Так говорила, рыдая. И плакали женщины с нею, —
С виду о мертвом, а вправду — о собственном каждая горе.
Вкруг самого ж Ахиллеса старейшины войск собралися
И умоляли поесть. Но, стеная, Пелид уклонялся:
«Я вас молю, если кто из друзей меня слушаться хочет,
Не заставляйте покамест меня насыщать себе сердце
Пищею или питьем: сражен я ужаснейшим горем.
Солнце пока не зайдет, — все равно буду ждать и терпеть я».
Так произнесши, царей остальных от себя отпустил он.
Два лишь Атрида остались и царь Одиссей богоравный,
Нестор, Идоменей и Феникс, наездник маститый.
Все рассеять старались скорбевшего. Но безутешен
Был он, покуда не ринулся в пасть кровожадного боя.
Он говорил, вспоминая о прошлом и тяжко вздыхая:
«Милый, бессчастный мой друг! Было некогда время, как сам ты
В ставке моей так проворно и в надобный срок предо мною
Вкусную ставил еду, когда поспешали ахейцы
На конеборных троянцев итти с многослезною битвой.
Нынче лежишь ты, пронзенный. И сердце мое уж не хочет
Пищи, не хочет питья, хоть они и стоят предо мною.
Только тебя я хочу! Мне большего не было б горя,
Если бы даже о смерти отца моего я услышал,
Старца, что нежные слезы, наверно, во Фтии роняет,
С сыном таким разлученный; а сын тут в стране чужедальней
Из-за ужасной Елены с сынами троянскими бьется!

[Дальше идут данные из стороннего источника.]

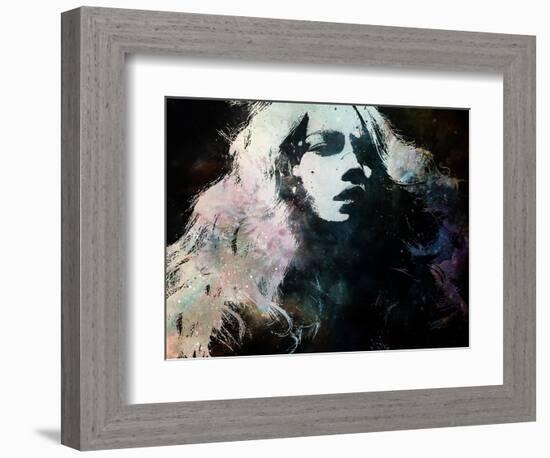 Oceania-Alex Cherry-Framed Art Print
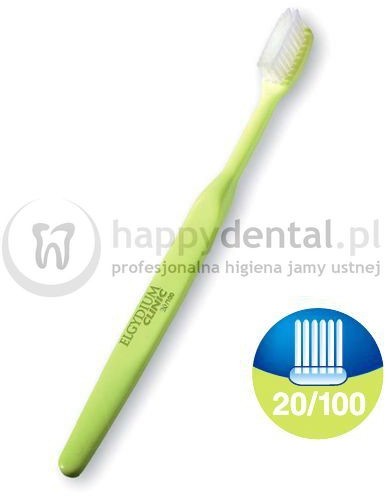 Pierre Fabre ELGYDIUM Clinic Care 20/100 - szczoteczka miękka do codziennej piel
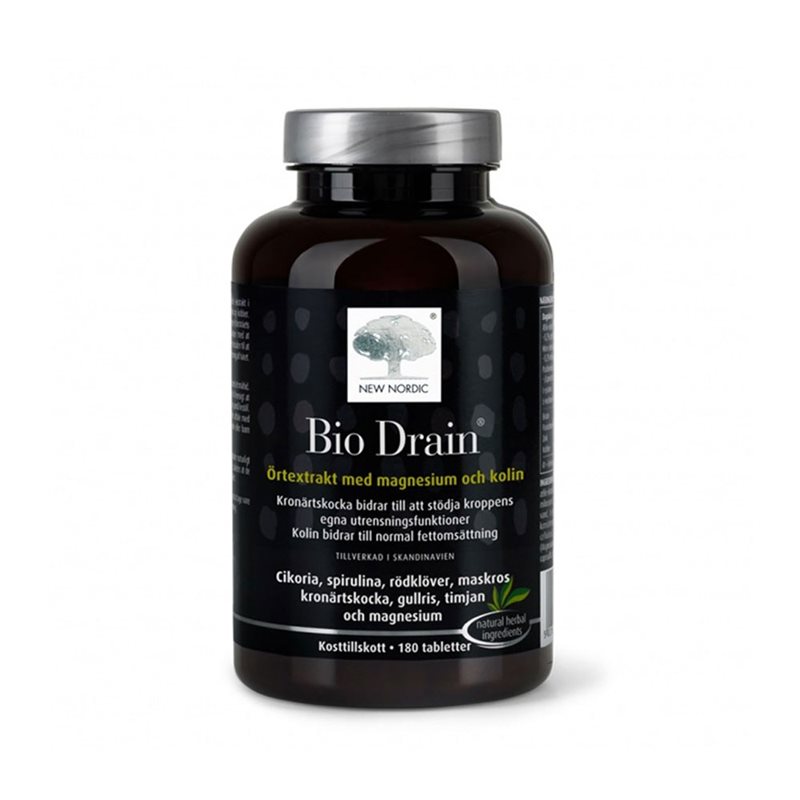 New Nordic BioDrain 180st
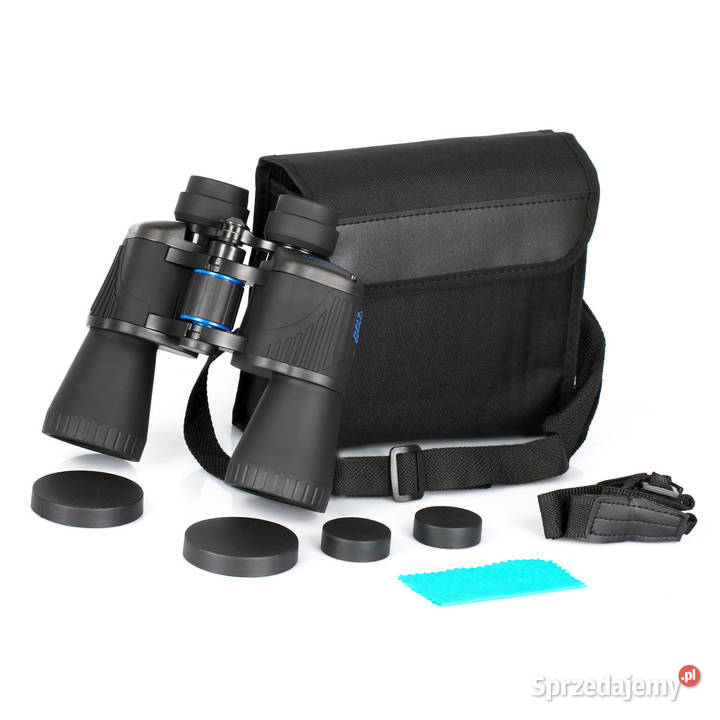 Lornetka Delta Optical Voyager II 20x50 zestaw Pozostałe Warszawa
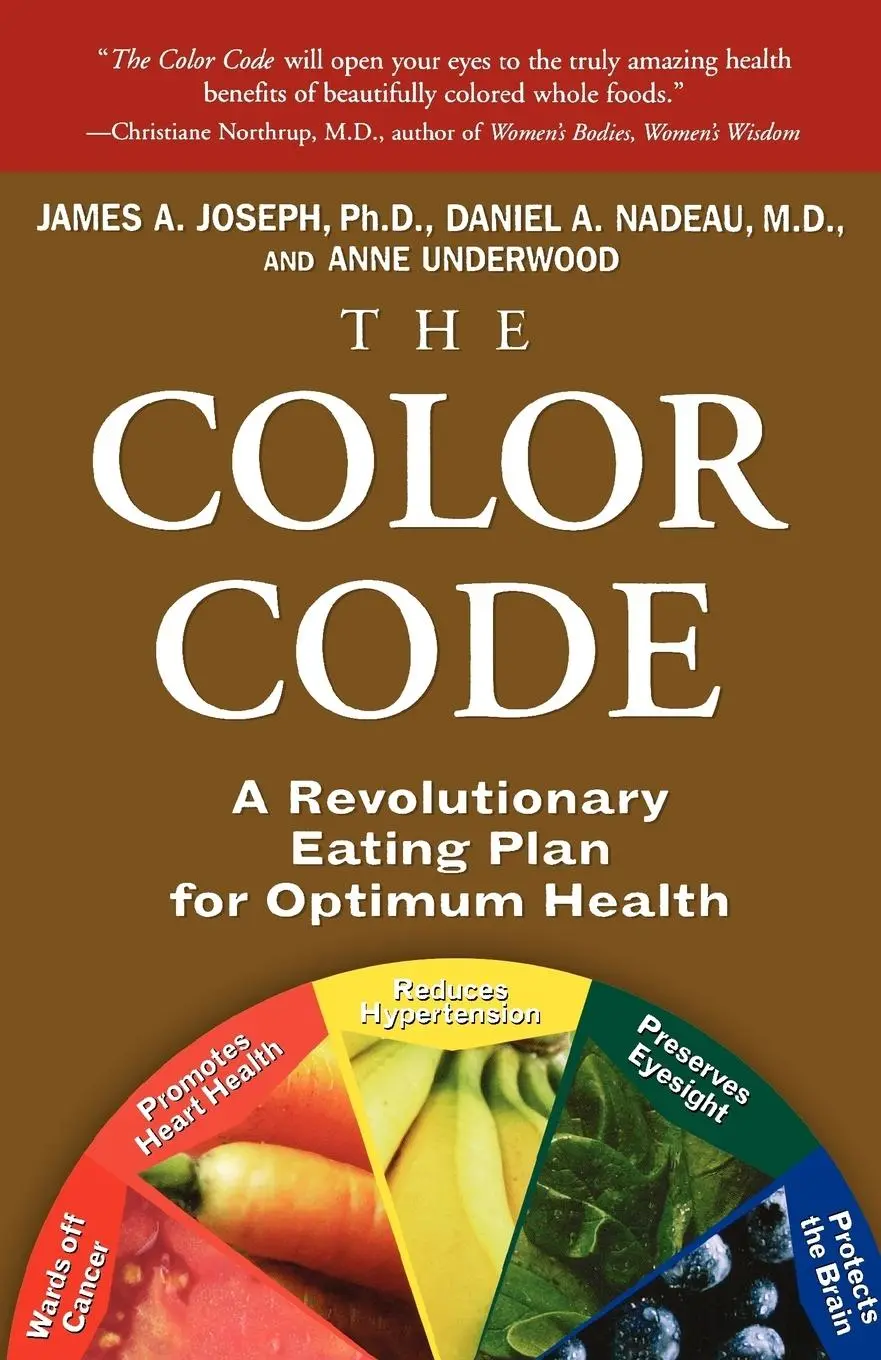Cover: 9780786886210 | The Color Code | A Revolutionary Eating Plan for Optimum Health | Buch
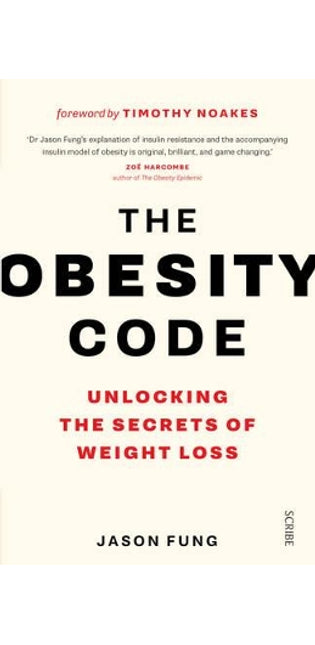 Obesity Code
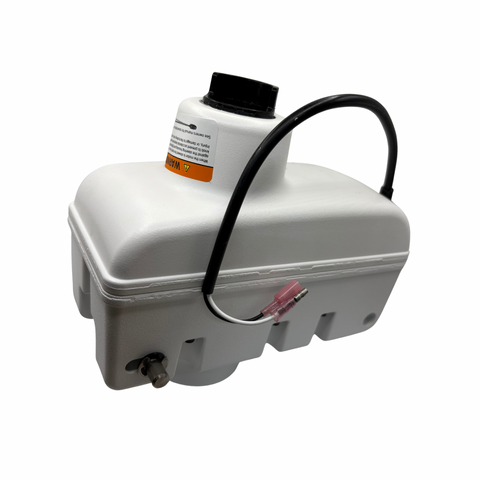 2997058 Minn Kota Steering Motor - Riptide Terrova (Non Bluetooth) (36V) (112lbs)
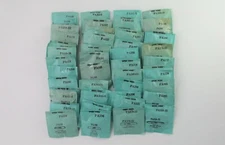 Germanow-Simon (GS) Wrist Watch Crystals- Series PA (#450 to #600)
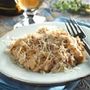 Csirkés rizottó parmezánnal Csirkés rizottó parmezánnal
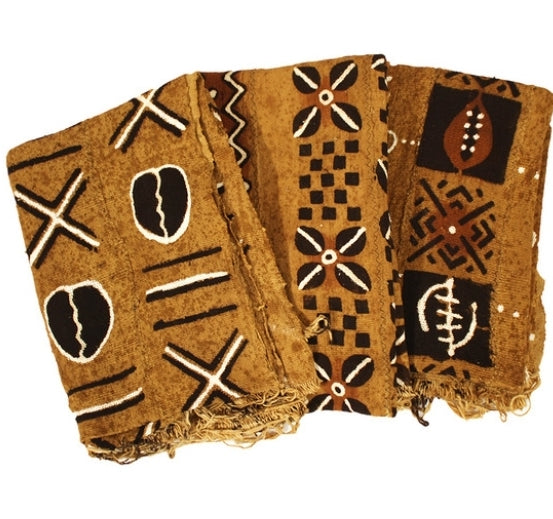 Authentic Mud Cloth
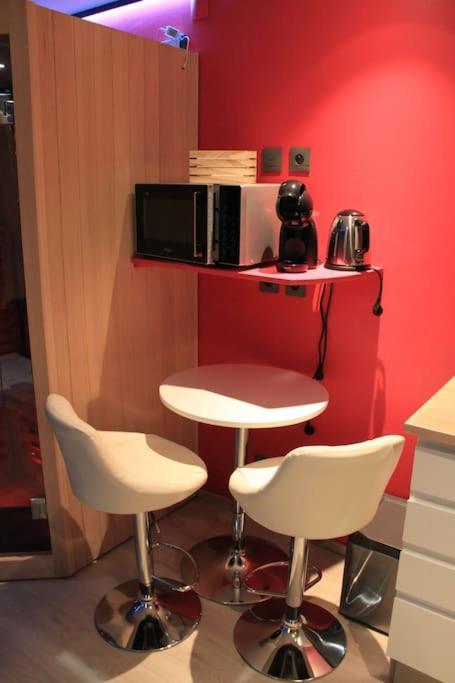 L'Ecrin Duplex Balneo & Sauna 特鲁瓦 外观 照片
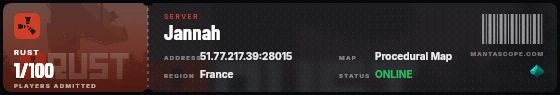 Ticket badge preview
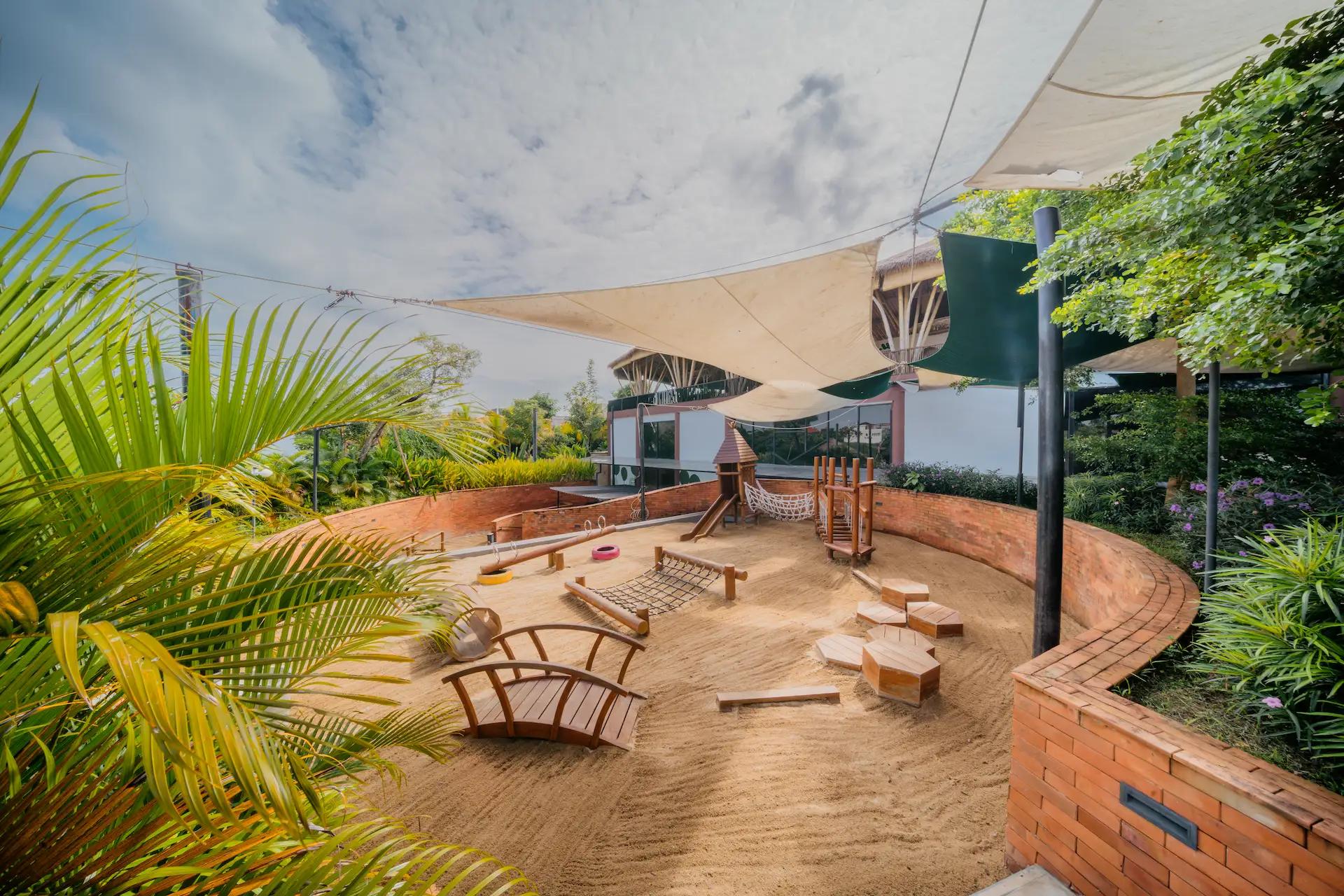 Mai Main Playground Canggu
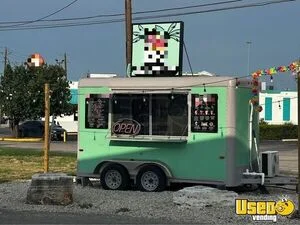 2014 Trailer Snowball Trailer Air Conditioning Texas for Sale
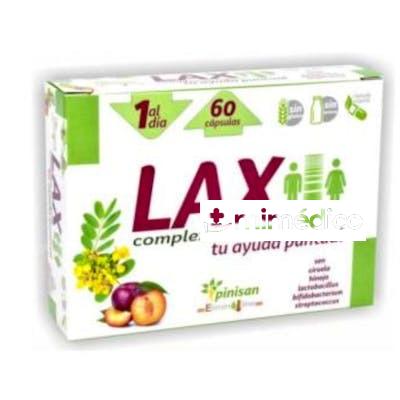 LAX COMPLEX 60CAP. PINISAN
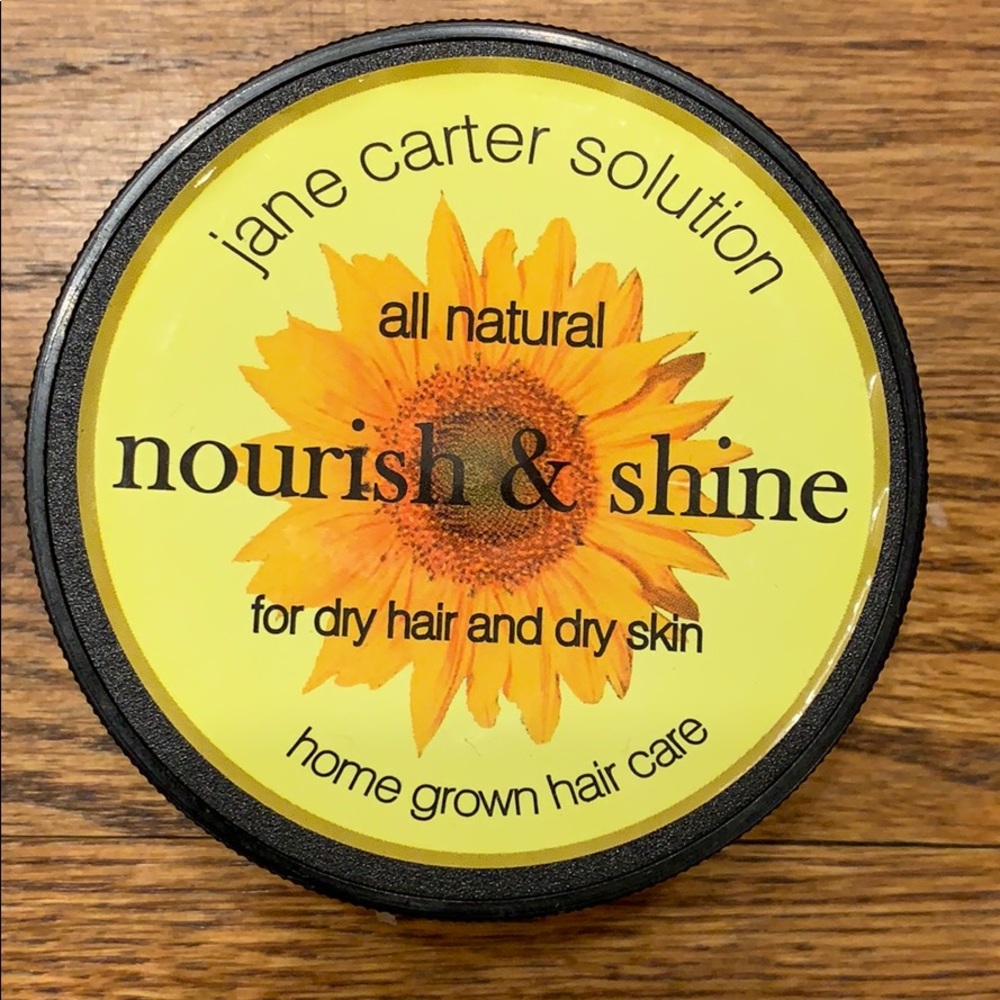 Jane Carter Solution Nourish & Shine 4 oz New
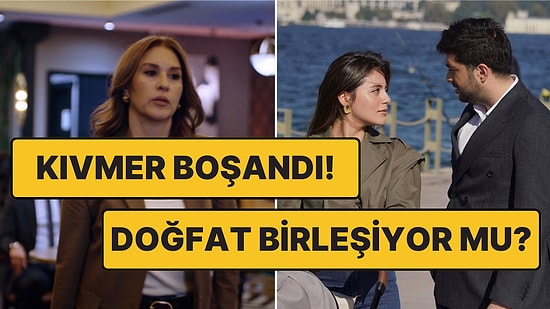 Olayların Dallanıp Budaklandığı Kızılcık Şerbeti'nin Son Bölümüne Gelen Tepkiler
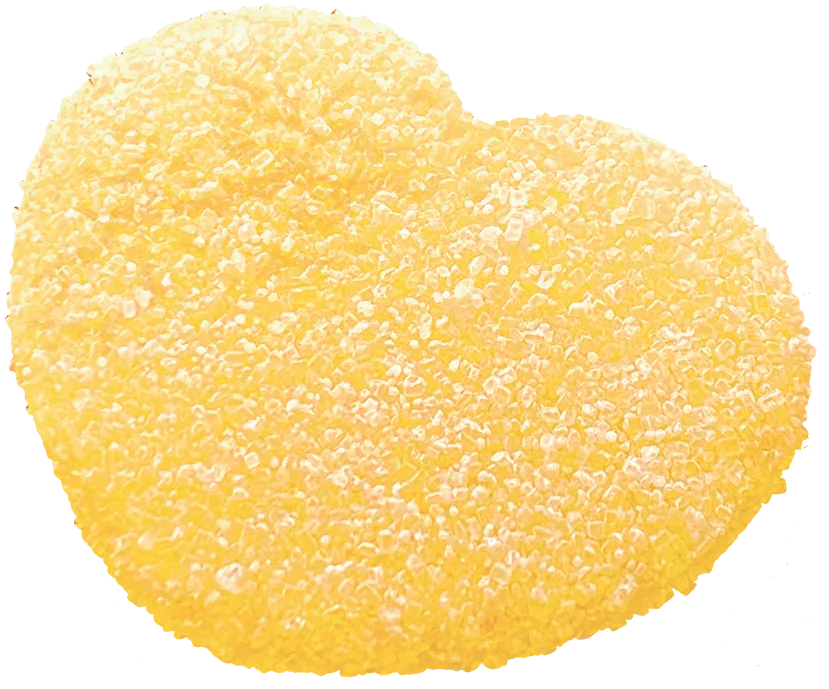 人気の「りんご味」が復活！まるで“ドライフルーツ食感”のうす～いピュレグミ　カンロ「ピュレスライス りんご」2026年10月21日(水)より順次発売 画像 2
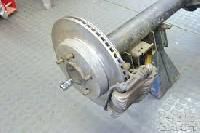 Rear Disk Brakes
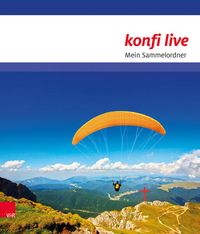 Produktbild: konfi live. Mein Sammelordner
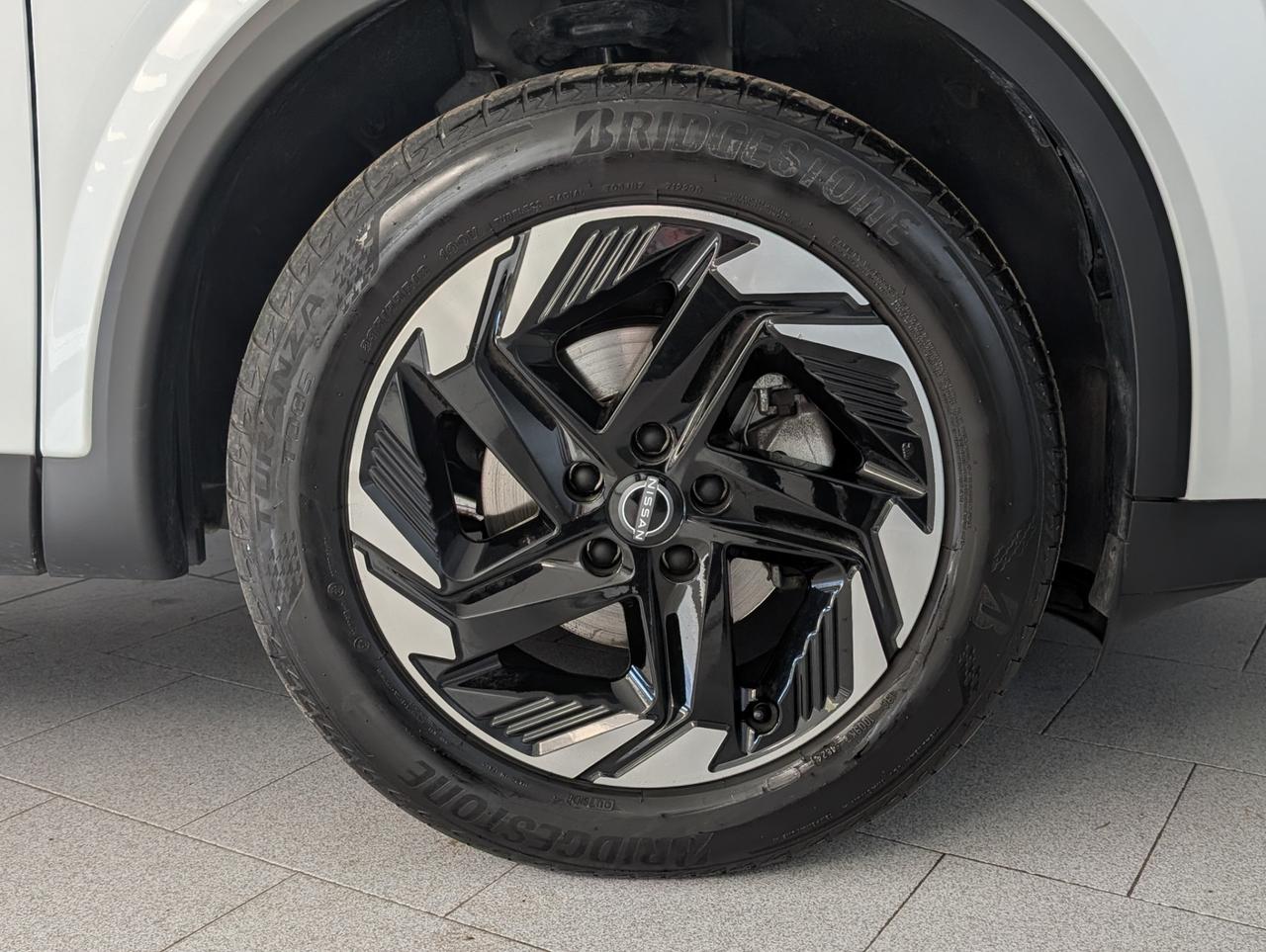 Nissan Qashqai 1.3 MHEV 158cv Xtronic N-Connecta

Или что умер мой сын, растимый на Скиросе дальнем,
Неоптолем боговидный, коль жив еще мальчик мой милый.
Прежнее время в груди мой дух укреплялся надеждой,
Что на троянской земле я один лишь погибну, далеко
От многоконного Аргоса. Ты ж возвратишься во Фтию.
Ты мне из Скироса сына, надеялся я, в быстроходном
Судне домой привезешь и все ему дома покажешь, —
Наше владенье, рабов и с высокою кровлею дом наш;
Сам же отец мой, Пелей, я думаю, или уж умер,
Или, едва лишь живой, угнетаемый старостью грозной,
Век свой проводит в глубокой печали и ждет одного лишь, —
Горестной вести: когда о погибели сына услышит».
Так говорил он, рыдая. Старейшины рядом вздыхали,
Каждый о том вспоминая, что дома в чертогах оставил.
Видя их в горе таком, почувствовал жалость Кронион.
Быстро Афине-Палладе слова он крылатые молвил:
«Дочь моя, ты ведь совсем отступилась от храброго мужа
Или тебя Ахиллес уж больше теперь не заботит?
Вон он — видишь? — сидит впереди кораблей пряморогих,
Горько печалясь о милом товарище. Все остальные
Сели обедать; один Ахиллес не касается пищи.